READ MORE: Gorbachev: Trump’s move to quit INF is ‘narrow-minded’, a clear ‘mistake’
It's a path to war with no victory possible. "There will be no winner in a 'war of all against all' – particularly if it ends in a nuclear war. And that is a possibility that cannot be ruled out." But Russia will not and should not sit idle and let this happen, Gorbachev said.
Faced with this dire threat to peace, we are not helpless. We must not resign, we must not surrender.
Russia should "take a firm but balanced stand" and reach out to international partners. "I hope that America's allies will, upon sober reflection, refuse to be launch pads for new American missiles," Gorbachev wrote.
The INF Treaty banned the development and deployment of land-based missiles with ranges of between 500km and 5,500km by the USSR and the USA. This allowed for a radical denuclearization of the European continent and reduced the risk of an accidental nuclear conflict.
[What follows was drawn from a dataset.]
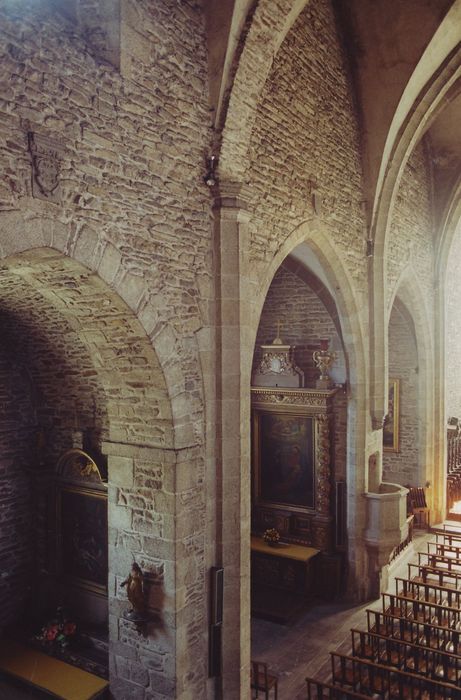 Eglise Saint-Blaise et Saint-Martin : Chapelles latérales nord, vue partielle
It also paved the way for the reduction of longer-range strategic nuclear missiles, the last round of which came in 2010.
Washington and Moscow have been accusing each other of violating the terms of the INF Treaty in various ways. As the US withdraws from the accord, denuclearization will be reversed, Gorbachev predicts.
"I am being asked whether I feel bitter watching the demise of what I worked so hard to achieve," he writes. "But this is not a personal matter. Much more is at stake."